The Family Maintenance Enforcement Program (FMEP)

About the Program

The Family Maintenance Enforcement Program (FMEP) is a free service of the British Columbia Ministry of Justice. It collects over $200 million each year for 45,000 BC families.

We help families and children entitled to maintenance (child support and spousal support) under maintenance orders or agreements.

We receive payments from the person required to pay maintenance (the payor) and send the money to the person entitled to maintenance (the recipient).

In many cases, the payor makes payments voluntarily, but FMEP will take steps to collect the outstanding maintenance if necessary.


  Access and set up an account at      http://www.fmep.gov.bc.ca/

FACTORS AFFECTING CHILD SUPPORT

AND DIVISION OF PARENTING TIME


Generally, the guiding principle in the federal and provincial child support guidelines is “the expenses shared by the spouses in proportion to their respective incomes after deducting from the expenses the contributions, if any, of the child” (CSG sec. 7-2).  Therefore, the income of each ex-partner /spouse over the last three years of tax returns at line 150 and any income not claimed on those returns is considered. So in a soul parenting time arrangement, the contribution of the paying parent is easy to determine but in an arrangement where one parent has one child and the other has two children then the support for each parent is determined from the tables with the difference being paid to the receiving spouse. (The lower income spouse)


Nice if it were that simple but other factors can come into this calculation such as:


1 Undo hardship – can be claimed if extraordinary costs exist for the paying spouse. This includes another child from another relationship for which the ex-partner/spouse has to pay a higher level of debt coming out of the marriage/relationship.

2  A major disparage in the comparative standard of living between the 2 ex-partner/spouse households.

3 The percentage of shared parenting time within the parenting plan (once called shared/split/sole custody)

4  Other expenses, and some other benefits received on behalf of the child.

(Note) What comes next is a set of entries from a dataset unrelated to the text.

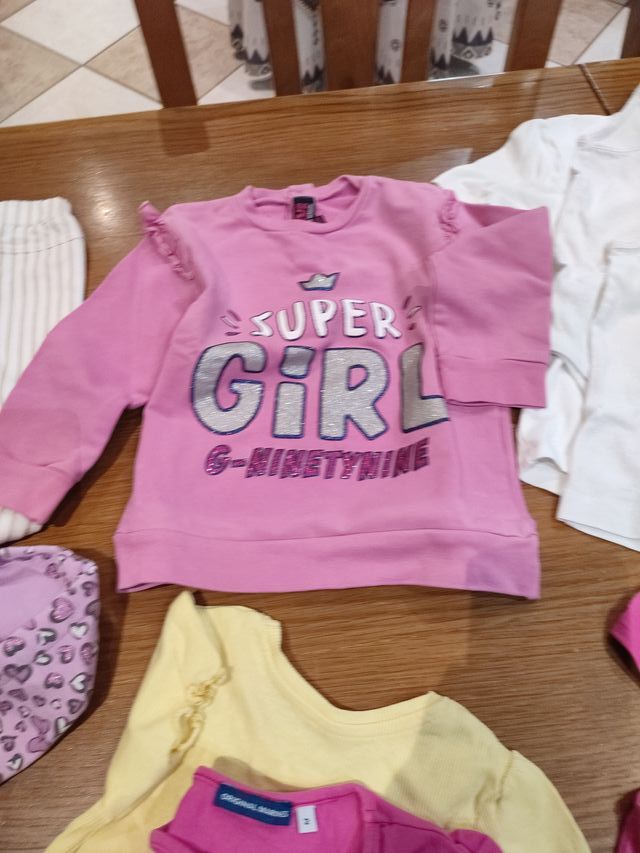 Lotto 15 pezzi abbigliamento bimba più bamboloccio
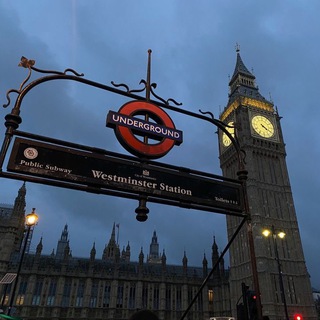 Логотип @levelengup - Английский с LevelUp🚀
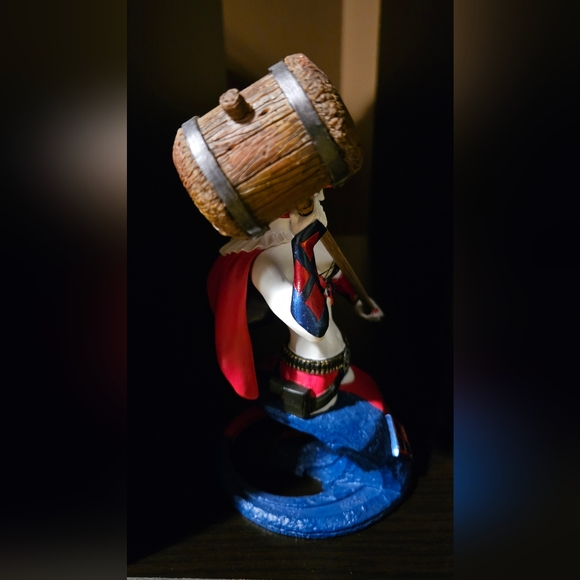 DC Super Villains Harley Quinn Jim Lee Blue, Red and white Bust - Picture 9 of 10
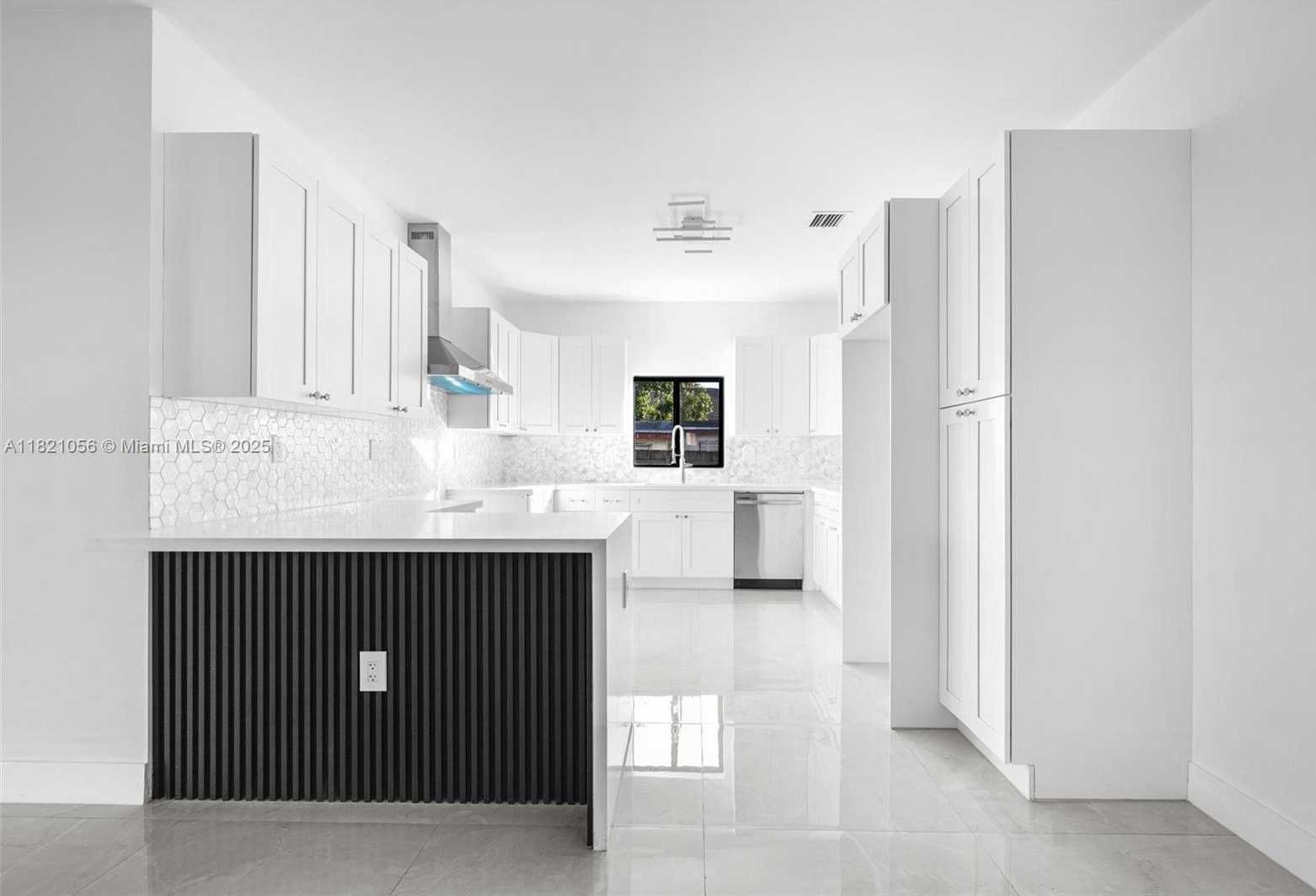 Small Image of 21235 INGRAHAM AVE RD, Cutler Bay Number 12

One parent is often motivated to share the children equally partly to eliminate or minimize the child support. Now here is the surprise. It cost more to have the child 50% of the time than the guideline contribution the lesser time partner provides. (see COST OF RAISING A CHILD - BELOW). Also, the other parent needs to consider what they have to 'give up' to share 50/50 in raising a child. 50/50 does not necessarily mean more time with the child but it does mean more responsibility and costs.